EPA issues order to New York City requiring city-wide plan for addressing sewer backups into buildings
The order gives the city 120 days to submit a plan to EPA for approval to work toward the elimination of unauthorized wastewater releases.
NEW YORK, NY, AUGUST 31, 2016 -- The U.S. Environmental Protection Agency has issued an Administrative Order to New York City requiring it to develop a plan to address continued sewer backups into residents' basements and other public and private property. The order gives the city 120 days to submit a plan to EPA for approval to work toward the elimination of unauthorized wastewater releases from sewer backups city-wide over the next seven years.
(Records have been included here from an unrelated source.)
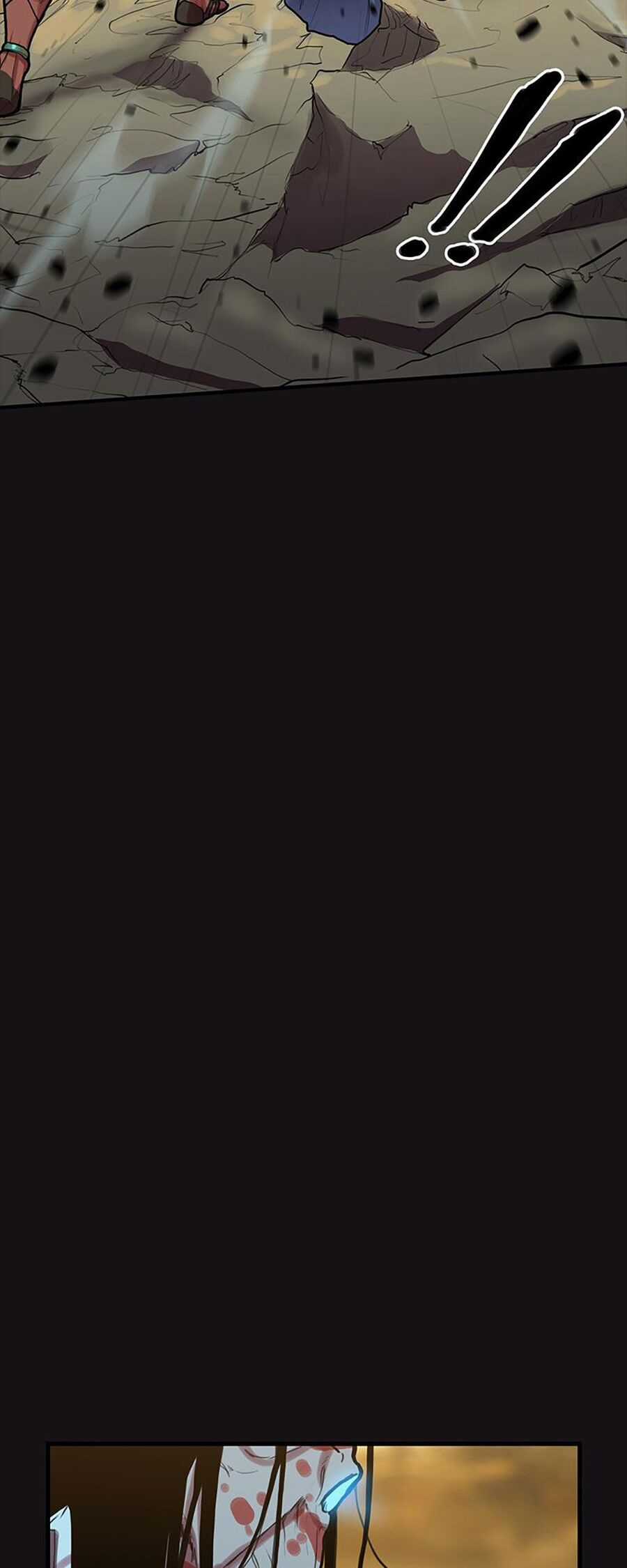 Thách Thức - Chương 24 - Trang 118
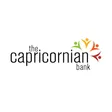 www.capricornian.com.au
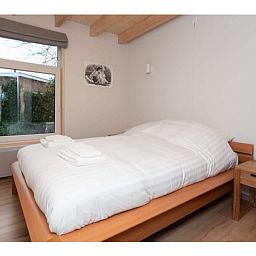 Guest house 6007232 - Holiday property Schouwen-Duiveland - Horizon 3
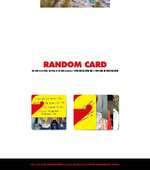 Альбом Shinee - The Story of Light 6th Album EP.2 Cover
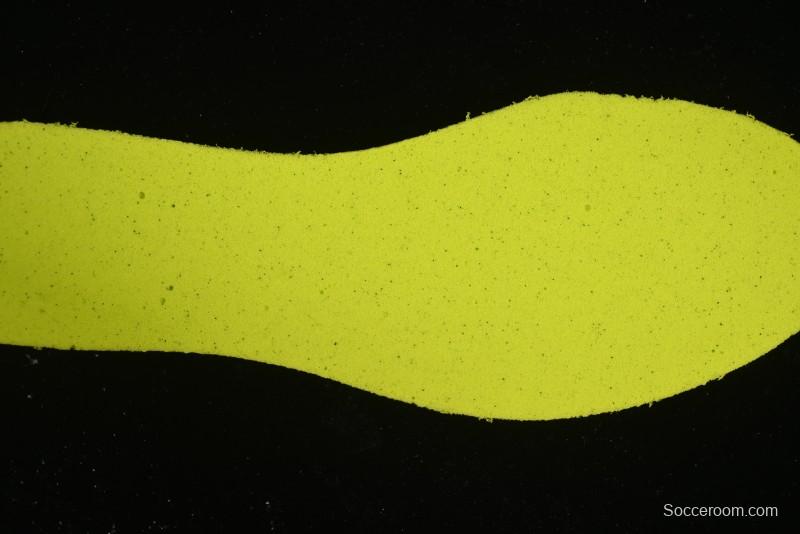 Nike Quest 6 Extreme Series Cushioned Lightweight Running Shoes - FD6033-003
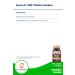 Dynavit Milk Thistle Complex 60 Capsules - Buy Online on GoSupps.com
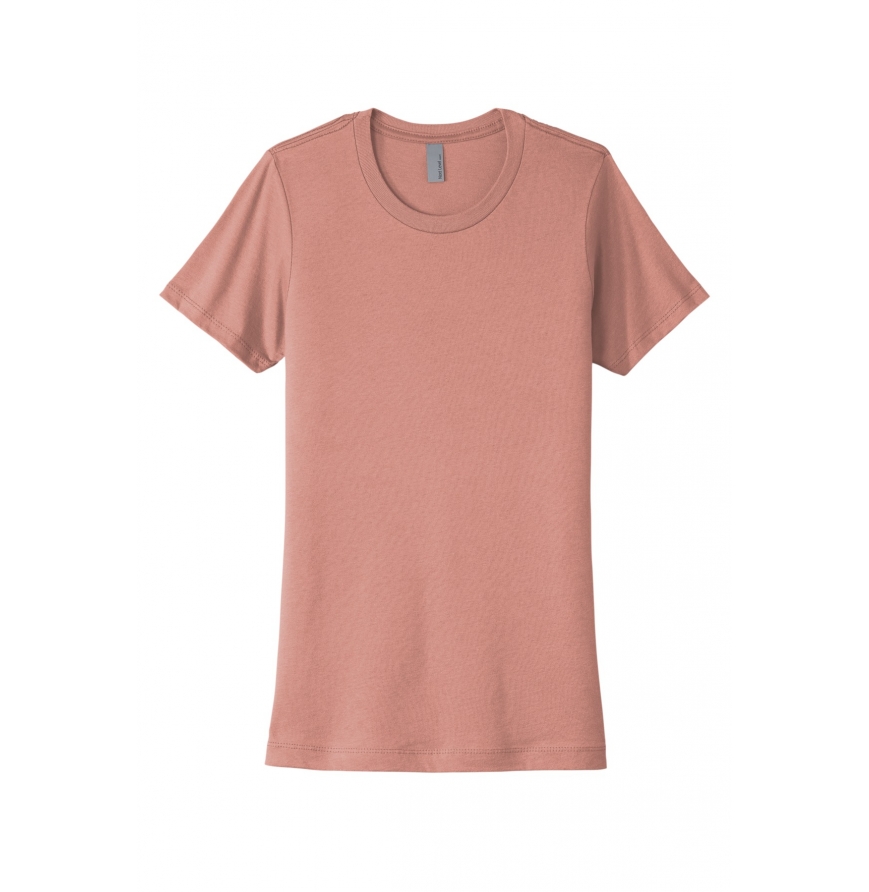 DESERT-PINK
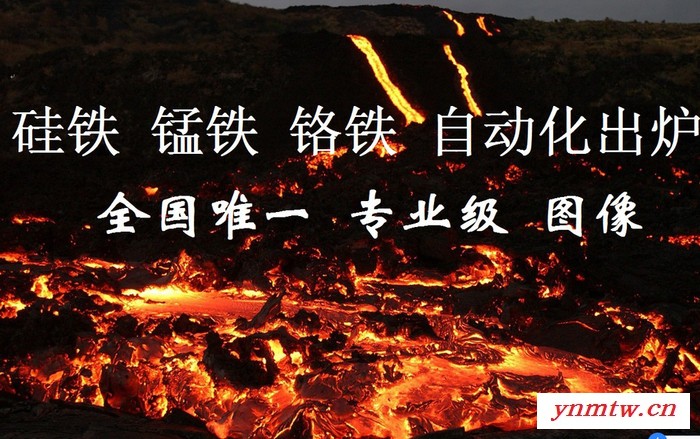 铁水监控专用相机 冶金工业监控 硅铁出炉机器人视觉解决方案 锰铁出炉机 强光可视化监控系统 铬铁摄像头 铁水工业摄像机图3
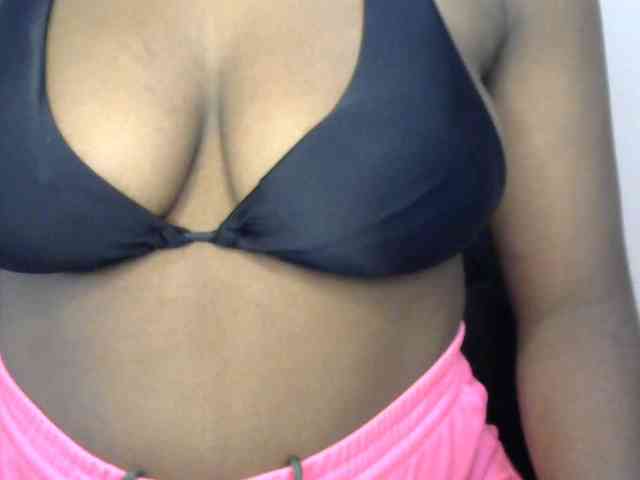 Drippypussy07
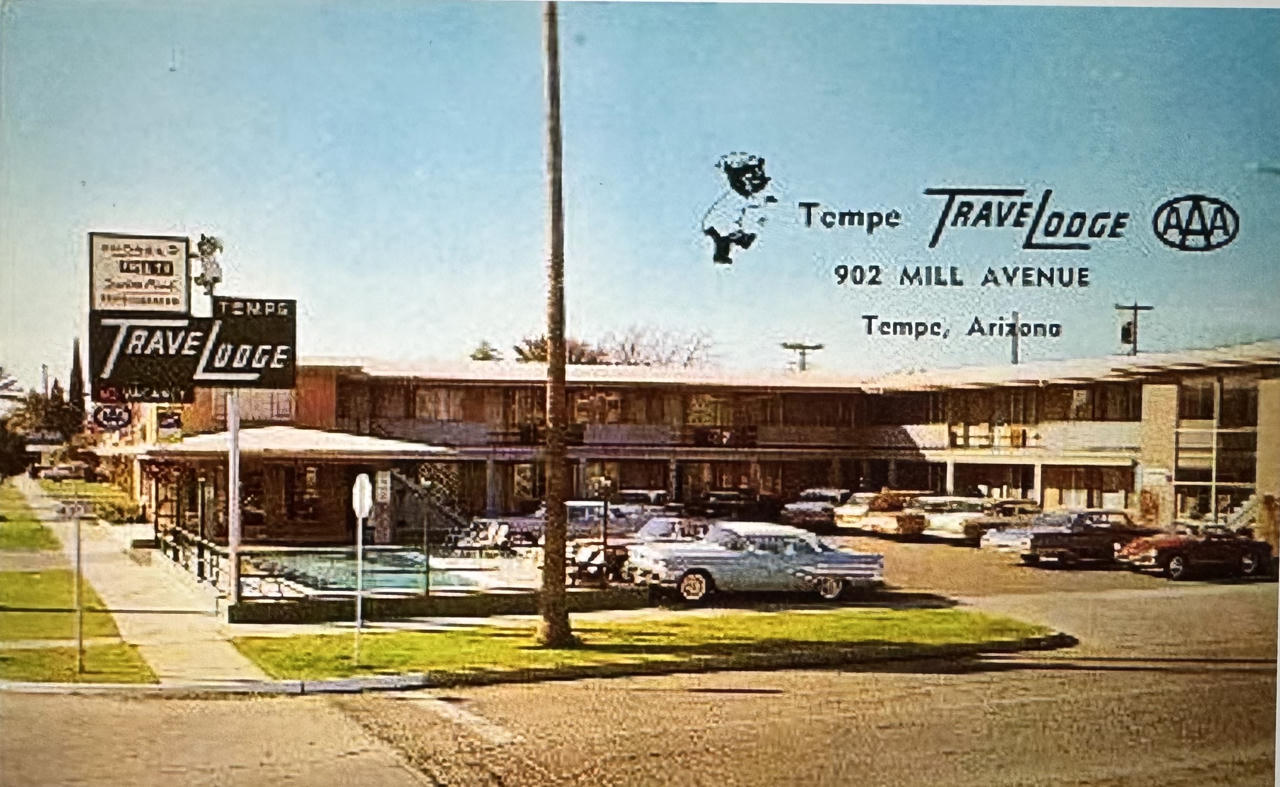 69c463bd5f7f3_post card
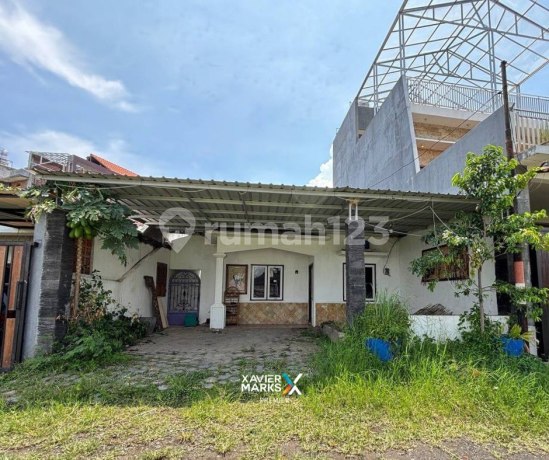 V1 Jual Cepat Rumah Hitung Tanah Graha Rejeki Agung Mojorejo Batu V1 Jual Cepat Rumah Hitung Tanah Graha Rejeki Agung Mojorejo Batu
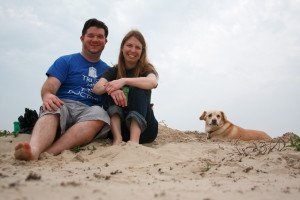 South Padre Island, Texas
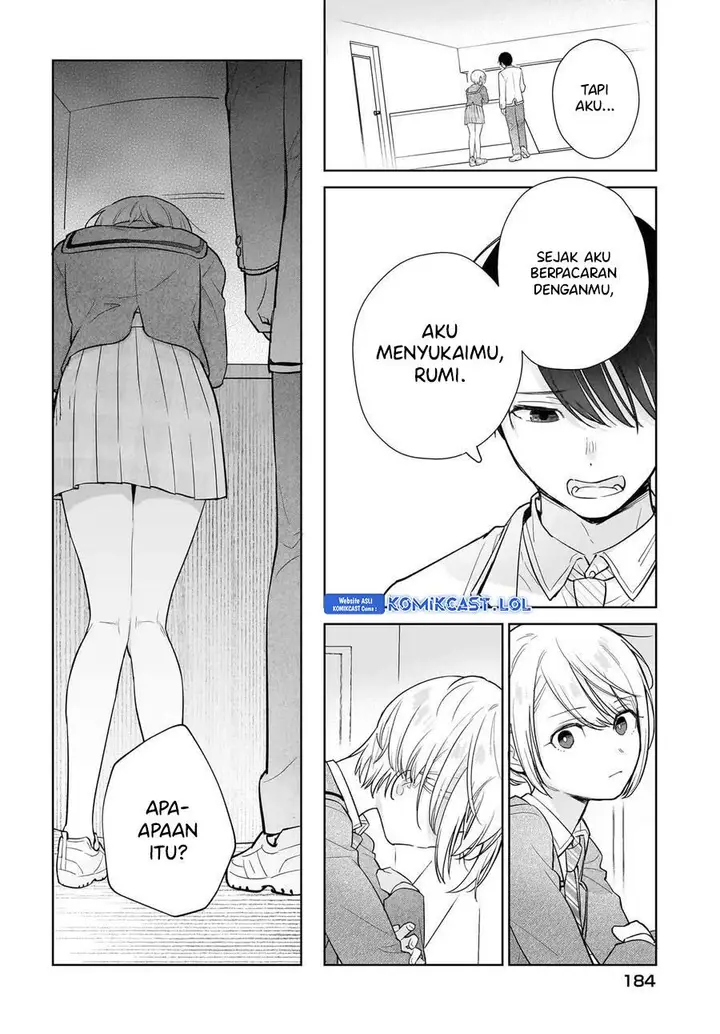 image-komik-koi-wa-futago-de-warikirenai-chapter-10-5/24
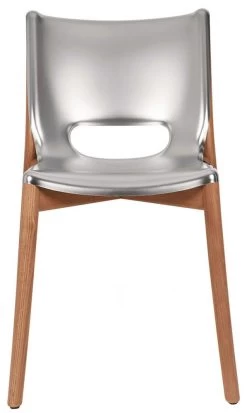Poêle Chair -Möbel & Dekoration 0006 PS19 S 01 1x1 300dpi 1250pxl 1280x1280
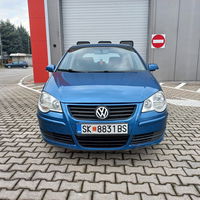 Volkswagen Polo 2006 | For Sale | 3.000 € | Skopje Saraj | Photo 5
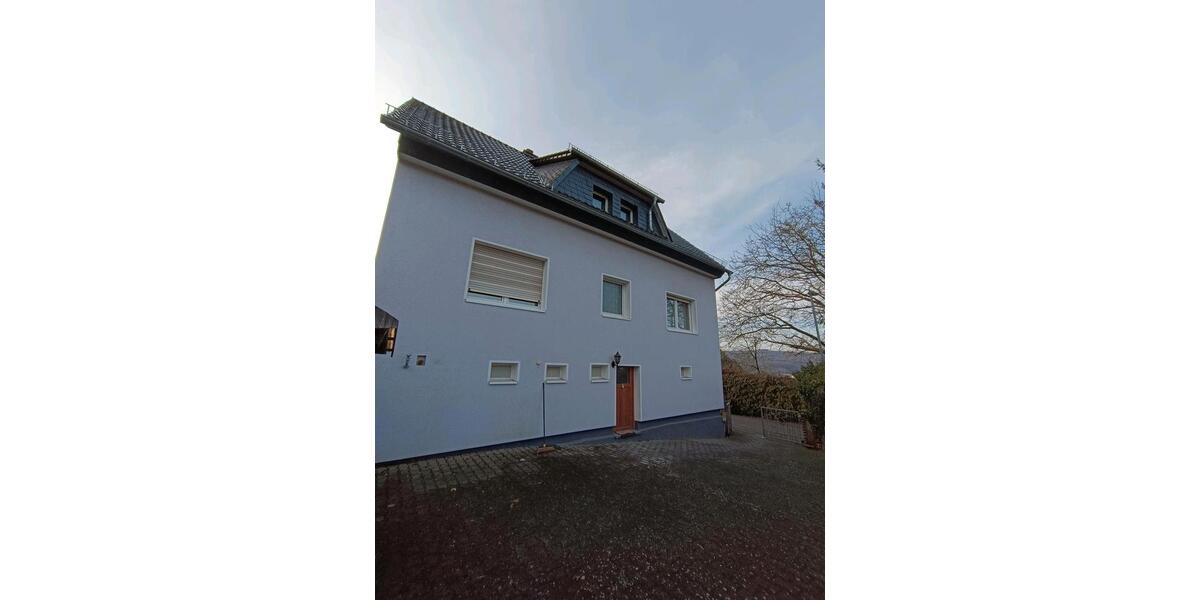 Mehrfamilienhaus, Wohnhaus Waldsolms - 350.000&euro; | Angebot:26877164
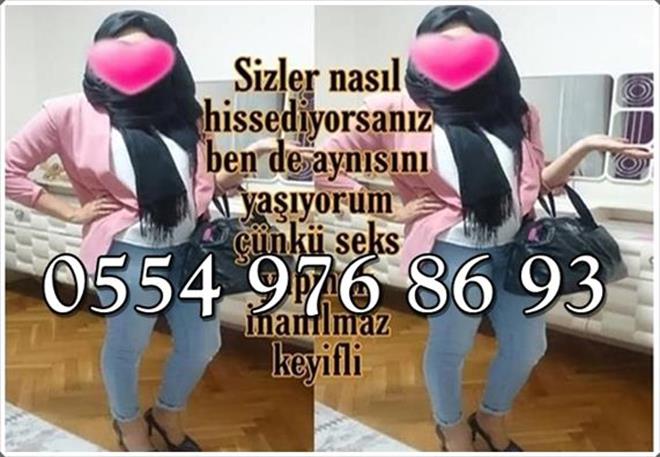 SiirAlimli's tweet photo. #tuzla ÖpkHAh https://t.co/qKuY1Luk3U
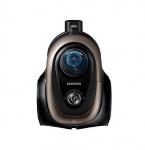 Fshese korenti Samsung VC07M21N9VD/GE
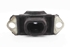 Picture of Apoio / sinobloco cx de velocidades esquerdo Renault Clio III Fase I de 2005 a 2009 | 8200358147--A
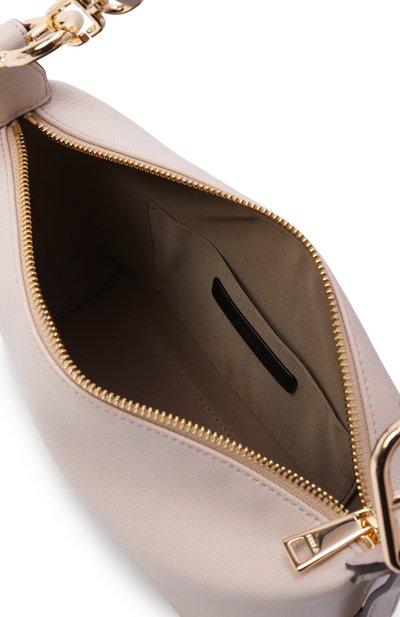 Сумка furla tonie mini FURLA, арт. WE00877/A.0023, фото 5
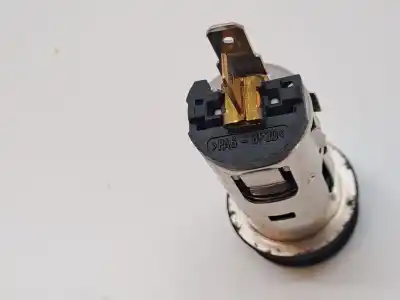 Автозапчастина б/у модуль комфорт для mini mini (r50,r53) * посилання на oem iam 61349308246  61346973035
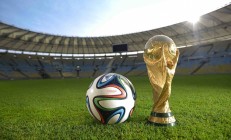 米兰登录入口-马刺对阵山西队，班凯罗如何成为攻防转换的绝对核心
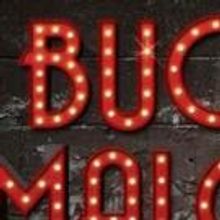 BUGSY MALONE Set for Theatre Royal Glasgow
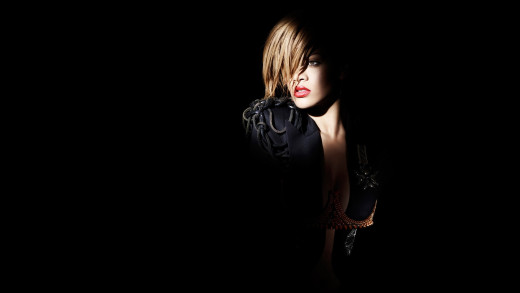 587999 (a): :2560x1440
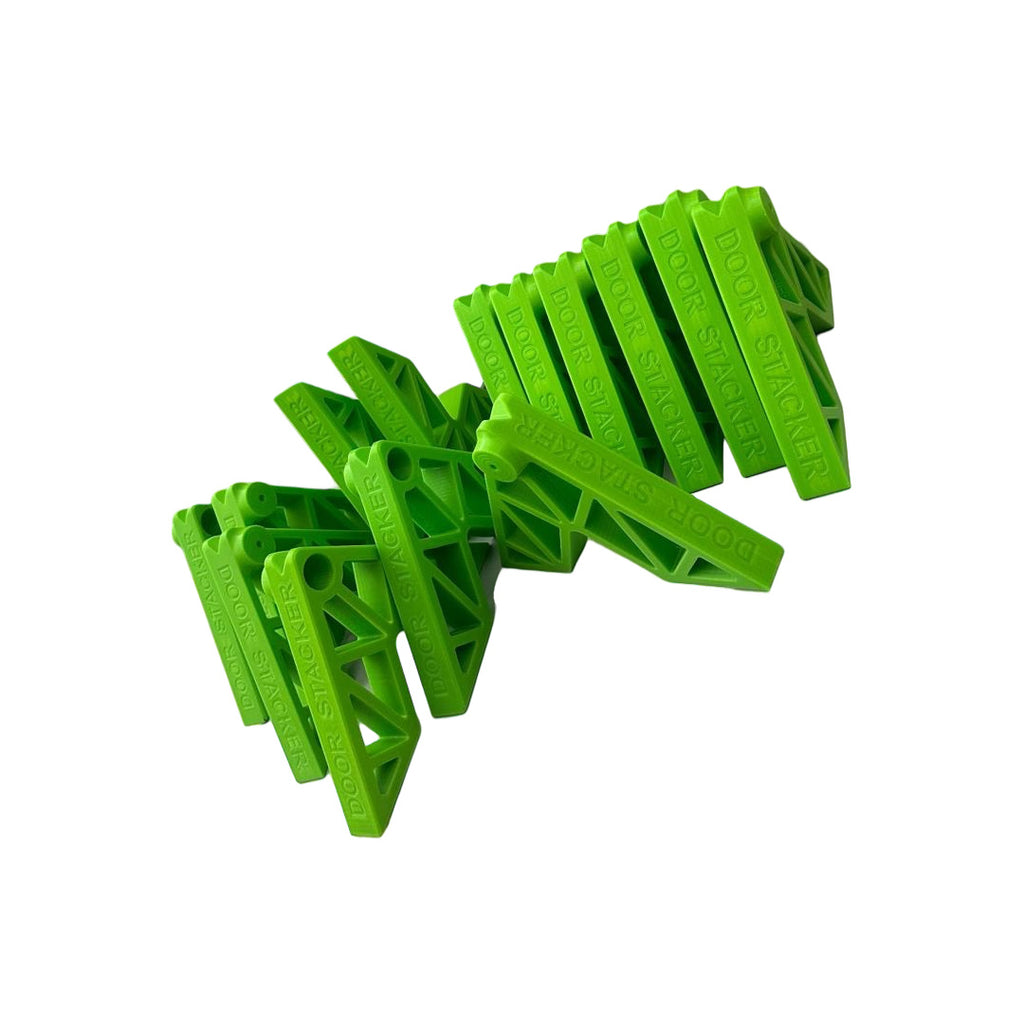 AlexPainting Door Stacker for Painting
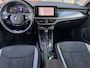 Skoda Kamiq 1.0 TSI Business Edition [Stuur & Stoel VW | Sound System | Draadloos laden | Dealer OH | Eerste eigenaar]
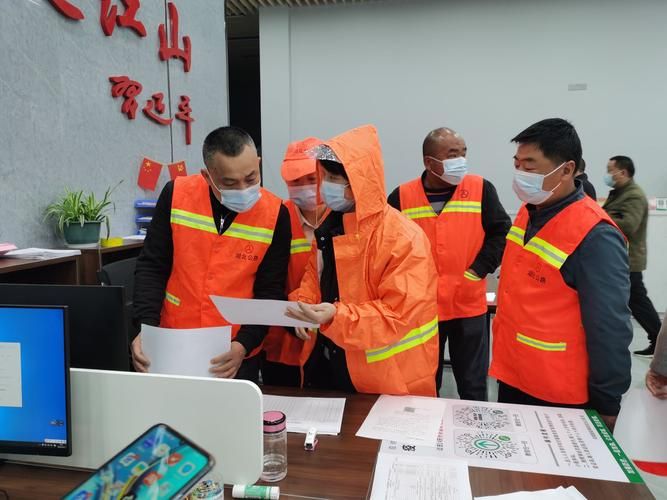 云梦县疫情静默最新消息_云梦县最新疫情防控要求
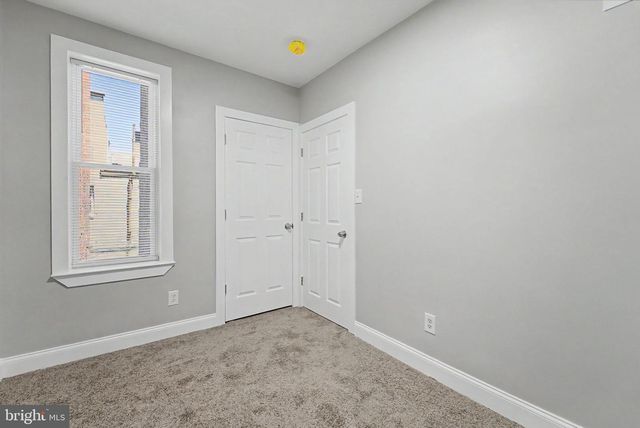603 BERKLEY ST, Camden, NJ 08103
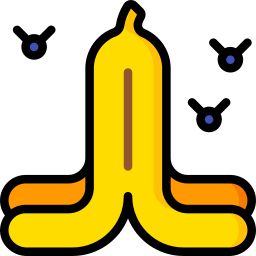 Banana icon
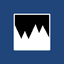 WTM logo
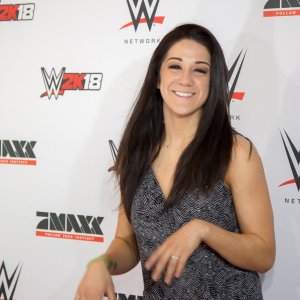 WWE_Live_Hamburg_2017-166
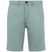 Bermuda chino écoresponsable homme NS-738 pantalon homme: aucun minimum Native spirit Jade 38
The order notes that New York City has made progress in responding to complaints in recent years, but it does not have a comprehensive plan to prevent and further reduce the number of sewer backups. The order is designed to ensure that the city prevents sewer backups through a systematic and proactive program, as other large cities have. Raw sewage in people’s homes and in buildings where they work creates health risks, which can be avoided by a proactive strategy to cut sewage backups.
"Since 2012, New York City has taken steps to reduce sewer backups by about 38%. To ensure this trend continues and accelerates, the EPA will require a comprehensive and enforceable plan," said Judith A. Enck, EPA Regional Administrator. "The pressure on sewer systems and the potential for sewer backups will only get worse as the city’s population increases and as climate change results in heavy rain events. Adequate operation and maintenance of New York’s sewer system is critical for the health of New York City’s residents."
Under the order, the EPA will continue to work with New York City Department of Environmental Protection to build on progress already made in protecting residents from exposure to sewage. With regular and proactive maintenance, pipes in problem areas can be unclogged and backups can be prevented.
Sewage contains pathogens, including viruses and bacteria, which can cause diseases when people are exposed to them, including stomach flu and upper respiratory infections. Through its national enforcement initiative, EPA has worked with cities to protect public health through sensible solutions to upgrade and improve water infrastructure.